Skyline Innovations enters solar market in California
Monday, May 21st 2012 5:35 PM
By GetSolar Staff.
California has seen significant growth in solar installations the past couple years and is continuing to lead the country toward a more energy efficient future. Skyline Innovations, one of the nation's fastest growing commercial solar heating companies, announced that a solar project it has been working on with WGL Holdings recently reached completion.
The project was a solar water heating system for three multifamily buildings in southern California. The installation was provided at no upfront cost to the state by Skyline, and Williams Holdings, which owns the buildings, will receive hot water at a 25 percent fixed discount to the standard utility rate for water heating.
The recent solar installation was the 31st project for multifamily housing in the Golden State that has been undertaken by Skyline.
"We are excited to expand availability of our offering to the West Coast," said Zach Axelrod, CEO of Skyline Innovations. "It serves as yet another proof point to the viability of providing customers a fixed, discounted utility rate for commercial-scale solar thermal."
Skyline Innovations' project with WGL Holdings reflects the growing interest in solar water heating, which can lead to cost savings.

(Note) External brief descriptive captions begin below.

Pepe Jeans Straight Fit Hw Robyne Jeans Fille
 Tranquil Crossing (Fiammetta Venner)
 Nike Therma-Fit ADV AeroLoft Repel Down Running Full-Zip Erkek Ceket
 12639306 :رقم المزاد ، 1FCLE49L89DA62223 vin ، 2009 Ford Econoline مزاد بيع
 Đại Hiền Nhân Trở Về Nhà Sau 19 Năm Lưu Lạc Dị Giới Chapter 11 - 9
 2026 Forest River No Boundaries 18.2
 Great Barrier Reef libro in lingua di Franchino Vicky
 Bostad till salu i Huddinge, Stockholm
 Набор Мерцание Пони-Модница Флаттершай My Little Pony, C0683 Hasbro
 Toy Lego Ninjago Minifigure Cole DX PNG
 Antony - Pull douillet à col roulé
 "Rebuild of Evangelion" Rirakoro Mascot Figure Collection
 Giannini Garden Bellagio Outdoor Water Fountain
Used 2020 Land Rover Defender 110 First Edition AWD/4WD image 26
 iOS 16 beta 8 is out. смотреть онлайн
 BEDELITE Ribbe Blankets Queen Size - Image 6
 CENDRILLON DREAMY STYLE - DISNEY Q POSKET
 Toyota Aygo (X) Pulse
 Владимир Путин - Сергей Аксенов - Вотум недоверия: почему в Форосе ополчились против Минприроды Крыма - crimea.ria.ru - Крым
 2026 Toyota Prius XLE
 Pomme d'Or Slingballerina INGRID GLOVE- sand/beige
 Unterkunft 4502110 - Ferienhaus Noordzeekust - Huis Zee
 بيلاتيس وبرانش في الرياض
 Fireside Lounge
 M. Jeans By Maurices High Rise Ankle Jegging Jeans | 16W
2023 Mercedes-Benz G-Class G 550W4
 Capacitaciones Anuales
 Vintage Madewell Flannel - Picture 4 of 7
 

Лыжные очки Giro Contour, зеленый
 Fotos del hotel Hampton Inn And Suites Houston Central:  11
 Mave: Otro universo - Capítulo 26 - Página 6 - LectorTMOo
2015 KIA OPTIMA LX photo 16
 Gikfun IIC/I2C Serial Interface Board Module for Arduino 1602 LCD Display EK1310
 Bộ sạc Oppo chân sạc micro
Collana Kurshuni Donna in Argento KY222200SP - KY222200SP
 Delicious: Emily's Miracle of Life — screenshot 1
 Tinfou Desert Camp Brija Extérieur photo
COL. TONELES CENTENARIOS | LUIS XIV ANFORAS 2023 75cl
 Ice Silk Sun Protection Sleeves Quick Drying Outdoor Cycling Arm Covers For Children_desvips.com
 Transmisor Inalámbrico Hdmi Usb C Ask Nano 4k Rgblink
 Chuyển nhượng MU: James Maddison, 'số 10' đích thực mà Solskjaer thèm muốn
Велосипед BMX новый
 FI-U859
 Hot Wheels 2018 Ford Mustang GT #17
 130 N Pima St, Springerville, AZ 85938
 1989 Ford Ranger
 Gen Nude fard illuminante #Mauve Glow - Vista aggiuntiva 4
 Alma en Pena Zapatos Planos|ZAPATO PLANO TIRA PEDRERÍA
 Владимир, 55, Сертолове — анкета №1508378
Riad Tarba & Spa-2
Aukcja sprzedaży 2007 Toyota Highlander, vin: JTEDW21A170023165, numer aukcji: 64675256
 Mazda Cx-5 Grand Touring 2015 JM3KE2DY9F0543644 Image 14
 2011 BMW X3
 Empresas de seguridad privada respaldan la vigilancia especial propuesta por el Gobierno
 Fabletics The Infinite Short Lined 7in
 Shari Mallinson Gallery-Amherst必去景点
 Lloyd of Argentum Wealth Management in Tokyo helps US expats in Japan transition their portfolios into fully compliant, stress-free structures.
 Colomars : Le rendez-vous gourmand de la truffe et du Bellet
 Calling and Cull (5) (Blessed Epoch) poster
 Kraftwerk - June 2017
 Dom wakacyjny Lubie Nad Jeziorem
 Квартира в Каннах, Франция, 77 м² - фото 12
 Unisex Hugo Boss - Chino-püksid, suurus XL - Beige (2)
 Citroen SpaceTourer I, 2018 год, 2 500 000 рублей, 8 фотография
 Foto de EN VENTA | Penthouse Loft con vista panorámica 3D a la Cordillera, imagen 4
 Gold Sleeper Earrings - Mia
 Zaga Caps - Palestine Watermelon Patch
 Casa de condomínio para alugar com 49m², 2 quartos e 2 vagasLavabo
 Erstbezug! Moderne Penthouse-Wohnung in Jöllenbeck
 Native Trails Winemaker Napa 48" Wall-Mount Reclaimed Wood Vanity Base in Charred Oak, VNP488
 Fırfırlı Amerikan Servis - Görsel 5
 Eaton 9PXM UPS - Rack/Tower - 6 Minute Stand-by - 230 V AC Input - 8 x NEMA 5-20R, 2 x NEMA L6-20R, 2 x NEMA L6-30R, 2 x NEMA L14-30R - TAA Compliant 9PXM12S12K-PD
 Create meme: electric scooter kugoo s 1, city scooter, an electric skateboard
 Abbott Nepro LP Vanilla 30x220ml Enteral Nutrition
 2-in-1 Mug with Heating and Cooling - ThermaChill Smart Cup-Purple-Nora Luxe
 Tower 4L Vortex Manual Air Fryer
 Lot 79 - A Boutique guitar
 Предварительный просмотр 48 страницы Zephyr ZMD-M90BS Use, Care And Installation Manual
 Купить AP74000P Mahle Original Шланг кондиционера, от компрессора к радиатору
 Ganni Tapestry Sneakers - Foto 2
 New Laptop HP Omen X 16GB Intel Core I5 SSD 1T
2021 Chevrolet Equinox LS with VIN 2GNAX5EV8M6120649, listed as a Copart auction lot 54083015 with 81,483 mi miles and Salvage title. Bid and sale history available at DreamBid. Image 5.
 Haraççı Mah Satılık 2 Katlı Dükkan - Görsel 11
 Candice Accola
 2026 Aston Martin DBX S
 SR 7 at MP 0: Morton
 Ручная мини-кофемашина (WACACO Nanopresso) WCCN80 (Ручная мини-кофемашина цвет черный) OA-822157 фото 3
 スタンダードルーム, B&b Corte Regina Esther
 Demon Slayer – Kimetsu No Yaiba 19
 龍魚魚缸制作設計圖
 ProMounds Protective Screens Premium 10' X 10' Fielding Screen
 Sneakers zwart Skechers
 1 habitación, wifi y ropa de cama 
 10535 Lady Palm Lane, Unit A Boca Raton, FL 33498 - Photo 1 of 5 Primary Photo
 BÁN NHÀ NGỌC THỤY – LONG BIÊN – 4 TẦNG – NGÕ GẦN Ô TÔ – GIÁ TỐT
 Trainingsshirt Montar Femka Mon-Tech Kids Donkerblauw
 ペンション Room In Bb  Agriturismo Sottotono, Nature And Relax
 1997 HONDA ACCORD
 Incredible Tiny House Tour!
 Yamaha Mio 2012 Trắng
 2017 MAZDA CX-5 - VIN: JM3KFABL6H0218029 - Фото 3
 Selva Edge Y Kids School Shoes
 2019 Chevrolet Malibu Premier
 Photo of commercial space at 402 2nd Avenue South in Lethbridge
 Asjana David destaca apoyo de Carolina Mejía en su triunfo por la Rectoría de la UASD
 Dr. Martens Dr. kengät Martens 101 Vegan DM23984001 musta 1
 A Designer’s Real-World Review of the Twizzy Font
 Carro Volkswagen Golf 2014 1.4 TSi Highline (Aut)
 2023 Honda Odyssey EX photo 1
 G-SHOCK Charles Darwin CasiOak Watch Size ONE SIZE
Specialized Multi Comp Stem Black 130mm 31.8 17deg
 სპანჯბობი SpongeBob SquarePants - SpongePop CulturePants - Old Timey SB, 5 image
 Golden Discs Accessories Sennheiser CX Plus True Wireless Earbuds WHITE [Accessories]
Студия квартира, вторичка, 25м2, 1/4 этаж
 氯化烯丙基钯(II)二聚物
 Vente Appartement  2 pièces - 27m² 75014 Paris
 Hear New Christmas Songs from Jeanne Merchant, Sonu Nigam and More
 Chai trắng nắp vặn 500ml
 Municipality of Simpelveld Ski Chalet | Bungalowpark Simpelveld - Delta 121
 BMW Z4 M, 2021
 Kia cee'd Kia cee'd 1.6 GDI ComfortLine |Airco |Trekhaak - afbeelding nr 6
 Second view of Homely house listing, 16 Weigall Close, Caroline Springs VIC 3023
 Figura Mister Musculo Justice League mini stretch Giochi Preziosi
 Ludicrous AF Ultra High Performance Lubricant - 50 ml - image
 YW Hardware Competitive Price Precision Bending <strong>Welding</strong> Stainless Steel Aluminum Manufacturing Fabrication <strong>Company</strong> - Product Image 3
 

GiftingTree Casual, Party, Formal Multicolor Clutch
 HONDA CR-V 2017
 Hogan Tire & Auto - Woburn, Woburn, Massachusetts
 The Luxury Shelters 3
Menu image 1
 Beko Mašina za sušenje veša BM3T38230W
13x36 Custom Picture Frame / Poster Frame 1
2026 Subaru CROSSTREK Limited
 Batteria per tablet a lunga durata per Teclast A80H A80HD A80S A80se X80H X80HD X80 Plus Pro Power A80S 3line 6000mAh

The companies have worked out a $30 million financing arrangement. In another piece of the funding picture, Williams Holdings' systems will be eligible for the California Solar Initiative's Thermal Program, which offers rebates of up to $500,000 on affordable multifamily housing spaces that install solar thermal units.
"Skyline Innovations' business model and technology platform make it a leader in the solar heating and cooling space," said Rick Moore, division head of strategy and business development at Washington Gas, a subsidiary of WGL Holdings, Inc. "Skyline's continued expansion aligns with our strategic position and vision of supporting clean and efficient energy solutions in high growth segments of the energy market."
Skyline Innovations uses solar collectors as opposed to traditional water heating systems, which use usually use electricity to heat water. Skyline will be able to provide a fixed discount off of its customers' current and future utility rates by using the sun's rays to heat water.
"This agreement makes sense for our residents, our buildings and the environment," said Kameron Segal, founder and CEO of Williams Holdings. "Skyline's strong business model gave us the confidence to green our properties, in turn reducing our operating expenses."
Other western states are also firmly committed to solar energy, and are pursuing similarly ambitious projects. Kyocera recently announced that it will supply Arizona with 34 megawatts of solar modules for utility-scale installations. The company has begun its shipments of the modules for a 127-megawatt, utility-scale photovoltaic installation in southwestern Arizona.
The solar modules were manufactured in the San Diego production facility and will become part of the Arlington Valley Solar Energy II project. The project is scheduled to begin operations in late 2013 on an estimated 1,160 acres near Arizona's Hassayampa Substation in Maricopa County.